I didn’t get here how I expected I would. I thought I’d work for a magazine first. I was wrong. After being an assistant historian for a while at a museum, I quit and began freelancing full-time. It wasn’t my plan. But, it was what worked best, especially because I was barely able to leave my house for a while. My health had taken a downturn for sure. However, it jump-started my freelance career and slowly but surely I began building up a base of editors and clients. It wasn’t easy. It wasn’t what I had planned, but somehow it was perfect.
My work is far from the only thing that’s different than I expected. There have been a whole slew of hard times that I didn’t see coming (who ever does?). There have been challenges. But, there has been lots of goodness. And more than any thing else in my life, motherhood has been the most unexpected.
I expected to be a mother. I very much wanted to be a mother and knew that somehow, someday I would be. My plan maybe got pushed back a few years thanks to my health and some other circumstances, but when the time was right, it was right. My husband and I agreed. The whole thing started out defying my expectations. I figured it would take a while to get pregnant. By the second month, I had a positive test.

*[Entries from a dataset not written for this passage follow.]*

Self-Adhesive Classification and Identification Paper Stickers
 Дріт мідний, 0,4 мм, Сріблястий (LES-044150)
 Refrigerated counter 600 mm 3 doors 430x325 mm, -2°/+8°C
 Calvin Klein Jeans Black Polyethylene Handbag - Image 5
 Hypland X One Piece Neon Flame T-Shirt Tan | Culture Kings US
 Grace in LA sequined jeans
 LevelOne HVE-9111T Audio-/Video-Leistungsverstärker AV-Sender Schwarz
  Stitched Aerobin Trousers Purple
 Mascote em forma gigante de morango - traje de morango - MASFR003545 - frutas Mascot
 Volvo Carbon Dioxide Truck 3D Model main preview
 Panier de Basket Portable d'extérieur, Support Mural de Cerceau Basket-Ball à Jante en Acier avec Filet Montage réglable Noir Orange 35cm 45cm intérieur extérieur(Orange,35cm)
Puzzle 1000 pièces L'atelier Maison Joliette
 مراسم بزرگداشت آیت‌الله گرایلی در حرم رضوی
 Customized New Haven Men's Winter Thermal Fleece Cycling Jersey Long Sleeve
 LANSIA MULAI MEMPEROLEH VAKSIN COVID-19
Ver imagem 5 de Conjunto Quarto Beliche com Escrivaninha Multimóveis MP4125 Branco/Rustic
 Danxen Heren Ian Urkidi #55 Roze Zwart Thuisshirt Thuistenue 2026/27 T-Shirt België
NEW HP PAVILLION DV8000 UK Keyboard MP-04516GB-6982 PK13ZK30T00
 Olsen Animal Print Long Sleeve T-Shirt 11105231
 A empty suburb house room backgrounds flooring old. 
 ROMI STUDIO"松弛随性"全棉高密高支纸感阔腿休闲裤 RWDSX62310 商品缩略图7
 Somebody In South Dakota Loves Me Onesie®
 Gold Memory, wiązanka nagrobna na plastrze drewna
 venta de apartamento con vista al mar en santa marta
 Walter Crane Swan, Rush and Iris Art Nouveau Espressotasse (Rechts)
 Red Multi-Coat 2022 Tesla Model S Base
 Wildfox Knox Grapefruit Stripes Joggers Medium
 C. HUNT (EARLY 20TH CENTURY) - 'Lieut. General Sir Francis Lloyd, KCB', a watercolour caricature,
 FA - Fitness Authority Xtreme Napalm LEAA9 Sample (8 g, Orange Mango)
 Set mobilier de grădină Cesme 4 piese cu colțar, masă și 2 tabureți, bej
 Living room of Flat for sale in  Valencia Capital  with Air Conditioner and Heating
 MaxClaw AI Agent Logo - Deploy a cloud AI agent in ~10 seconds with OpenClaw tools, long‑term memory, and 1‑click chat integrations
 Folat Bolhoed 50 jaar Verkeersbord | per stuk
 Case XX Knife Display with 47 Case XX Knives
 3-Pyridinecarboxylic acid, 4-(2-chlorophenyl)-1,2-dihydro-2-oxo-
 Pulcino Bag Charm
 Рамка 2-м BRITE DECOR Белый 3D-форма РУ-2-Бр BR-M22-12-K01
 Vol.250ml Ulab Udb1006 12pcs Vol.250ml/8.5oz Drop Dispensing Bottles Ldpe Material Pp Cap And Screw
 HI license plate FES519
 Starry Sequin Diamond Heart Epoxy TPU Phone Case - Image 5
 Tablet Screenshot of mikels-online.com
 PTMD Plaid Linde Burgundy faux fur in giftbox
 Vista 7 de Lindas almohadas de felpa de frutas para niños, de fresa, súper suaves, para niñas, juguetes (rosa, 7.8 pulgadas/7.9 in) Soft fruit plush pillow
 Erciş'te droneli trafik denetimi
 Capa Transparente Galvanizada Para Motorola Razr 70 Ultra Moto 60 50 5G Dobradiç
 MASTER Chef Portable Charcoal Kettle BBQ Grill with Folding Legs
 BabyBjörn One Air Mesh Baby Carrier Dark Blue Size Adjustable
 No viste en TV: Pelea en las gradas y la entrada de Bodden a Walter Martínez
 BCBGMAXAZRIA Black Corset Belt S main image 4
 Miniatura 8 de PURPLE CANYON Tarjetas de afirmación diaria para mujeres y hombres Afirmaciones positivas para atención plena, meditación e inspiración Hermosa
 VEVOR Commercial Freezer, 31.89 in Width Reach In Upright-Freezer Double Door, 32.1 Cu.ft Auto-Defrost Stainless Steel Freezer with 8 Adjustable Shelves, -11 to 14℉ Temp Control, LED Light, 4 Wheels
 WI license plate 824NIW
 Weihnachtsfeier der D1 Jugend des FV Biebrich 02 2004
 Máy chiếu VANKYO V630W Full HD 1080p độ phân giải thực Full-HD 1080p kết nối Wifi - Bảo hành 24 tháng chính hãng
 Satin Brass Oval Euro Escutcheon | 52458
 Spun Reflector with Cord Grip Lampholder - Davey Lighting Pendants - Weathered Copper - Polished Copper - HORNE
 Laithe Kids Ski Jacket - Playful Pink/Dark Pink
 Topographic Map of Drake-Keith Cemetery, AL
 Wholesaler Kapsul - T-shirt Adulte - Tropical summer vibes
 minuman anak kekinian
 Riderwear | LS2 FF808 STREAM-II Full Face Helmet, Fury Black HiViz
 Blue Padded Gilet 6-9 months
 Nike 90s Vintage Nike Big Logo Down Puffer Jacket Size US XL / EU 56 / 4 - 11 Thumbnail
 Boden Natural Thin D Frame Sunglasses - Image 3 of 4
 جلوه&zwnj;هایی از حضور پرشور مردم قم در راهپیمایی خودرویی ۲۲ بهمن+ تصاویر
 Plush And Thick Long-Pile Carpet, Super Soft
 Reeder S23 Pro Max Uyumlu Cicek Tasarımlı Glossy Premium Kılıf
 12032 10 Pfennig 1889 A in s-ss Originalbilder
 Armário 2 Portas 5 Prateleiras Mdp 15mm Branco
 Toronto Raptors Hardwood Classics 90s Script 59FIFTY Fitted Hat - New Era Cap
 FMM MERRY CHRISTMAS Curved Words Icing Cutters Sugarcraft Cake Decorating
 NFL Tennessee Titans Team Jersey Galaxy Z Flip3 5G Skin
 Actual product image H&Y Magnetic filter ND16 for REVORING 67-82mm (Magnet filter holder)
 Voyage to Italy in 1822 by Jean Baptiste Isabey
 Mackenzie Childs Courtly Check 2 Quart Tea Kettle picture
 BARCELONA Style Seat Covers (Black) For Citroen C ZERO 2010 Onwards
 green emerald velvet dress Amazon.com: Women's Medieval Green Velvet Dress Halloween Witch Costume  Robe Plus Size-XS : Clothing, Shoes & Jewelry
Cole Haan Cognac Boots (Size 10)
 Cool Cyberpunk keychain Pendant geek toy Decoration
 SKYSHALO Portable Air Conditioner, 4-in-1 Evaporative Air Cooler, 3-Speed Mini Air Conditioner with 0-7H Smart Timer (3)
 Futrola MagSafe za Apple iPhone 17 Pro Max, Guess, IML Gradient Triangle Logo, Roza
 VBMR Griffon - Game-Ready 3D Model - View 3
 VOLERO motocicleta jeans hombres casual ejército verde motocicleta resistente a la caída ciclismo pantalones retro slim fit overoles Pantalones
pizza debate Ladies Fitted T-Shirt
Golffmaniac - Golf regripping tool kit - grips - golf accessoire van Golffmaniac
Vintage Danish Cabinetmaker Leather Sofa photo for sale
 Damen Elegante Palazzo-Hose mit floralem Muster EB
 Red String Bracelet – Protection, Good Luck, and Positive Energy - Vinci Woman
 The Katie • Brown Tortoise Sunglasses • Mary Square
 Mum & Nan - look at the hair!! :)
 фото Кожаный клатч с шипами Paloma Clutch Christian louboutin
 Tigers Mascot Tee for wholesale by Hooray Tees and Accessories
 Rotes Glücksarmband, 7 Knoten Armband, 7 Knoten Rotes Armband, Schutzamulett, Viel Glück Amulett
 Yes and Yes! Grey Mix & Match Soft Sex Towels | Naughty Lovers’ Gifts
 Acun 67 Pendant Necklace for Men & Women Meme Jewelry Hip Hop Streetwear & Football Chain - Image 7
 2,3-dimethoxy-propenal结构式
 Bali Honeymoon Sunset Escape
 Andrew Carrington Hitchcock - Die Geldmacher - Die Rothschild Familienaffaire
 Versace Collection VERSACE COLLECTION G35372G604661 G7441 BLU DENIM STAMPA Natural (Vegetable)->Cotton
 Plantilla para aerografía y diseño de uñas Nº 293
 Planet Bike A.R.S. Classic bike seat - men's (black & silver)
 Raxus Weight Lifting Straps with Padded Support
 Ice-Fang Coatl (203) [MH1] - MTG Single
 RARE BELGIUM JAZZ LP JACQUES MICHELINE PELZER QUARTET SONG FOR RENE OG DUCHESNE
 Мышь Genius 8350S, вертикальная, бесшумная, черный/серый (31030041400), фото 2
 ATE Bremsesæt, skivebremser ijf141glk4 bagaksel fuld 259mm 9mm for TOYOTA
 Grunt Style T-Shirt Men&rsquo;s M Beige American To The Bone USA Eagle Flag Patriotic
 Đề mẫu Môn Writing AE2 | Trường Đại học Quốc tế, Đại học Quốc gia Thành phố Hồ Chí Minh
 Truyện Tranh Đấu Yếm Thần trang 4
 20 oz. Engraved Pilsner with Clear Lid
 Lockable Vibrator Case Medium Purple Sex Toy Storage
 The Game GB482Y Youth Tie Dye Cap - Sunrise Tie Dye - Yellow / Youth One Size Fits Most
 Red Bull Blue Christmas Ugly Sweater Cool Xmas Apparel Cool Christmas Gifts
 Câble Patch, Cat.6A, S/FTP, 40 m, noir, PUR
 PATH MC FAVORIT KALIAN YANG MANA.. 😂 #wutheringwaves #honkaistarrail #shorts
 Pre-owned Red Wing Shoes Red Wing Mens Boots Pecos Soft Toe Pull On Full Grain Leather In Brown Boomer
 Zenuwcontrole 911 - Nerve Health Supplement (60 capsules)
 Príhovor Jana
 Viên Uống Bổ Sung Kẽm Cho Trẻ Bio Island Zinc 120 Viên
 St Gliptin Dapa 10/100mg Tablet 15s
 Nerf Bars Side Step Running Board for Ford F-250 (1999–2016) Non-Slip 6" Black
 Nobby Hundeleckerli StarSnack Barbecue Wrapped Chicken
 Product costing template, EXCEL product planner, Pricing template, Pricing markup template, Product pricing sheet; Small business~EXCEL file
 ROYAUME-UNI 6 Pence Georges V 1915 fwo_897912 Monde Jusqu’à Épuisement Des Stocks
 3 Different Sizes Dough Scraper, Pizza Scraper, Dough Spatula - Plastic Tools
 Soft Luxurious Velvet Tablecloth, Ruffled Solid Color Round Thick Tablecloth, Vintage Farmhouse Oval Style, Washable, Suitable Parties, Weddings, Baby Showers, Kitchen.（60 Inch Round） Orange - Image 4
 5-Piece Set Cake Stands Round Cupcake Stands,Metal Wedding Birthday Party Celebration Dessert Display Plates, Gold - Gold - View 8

I fully expected that my bladder wouldn’t go into remission and I’d be miserable throughout my pregnancy with IC. You know what? I did go into remission. I ate things I could never have otherwise. I even drank some — gasp — orange juice! To give you an idea of how major that is, orange juice has caused me bladder issues my entire life. I still seldom give it to my child because I feel like I’m giving her poison when I do. So, yeah, it was remission.
Then I went through labor and delivery. I had expectations of how it would go. Ha, ha, ha! Silly Stacey. It wasn’t what I expected. But, man oh man, that didn’t compare to motherhood. Holy cow! I expected it to be hard. But it was way harder than I could ever have imagined.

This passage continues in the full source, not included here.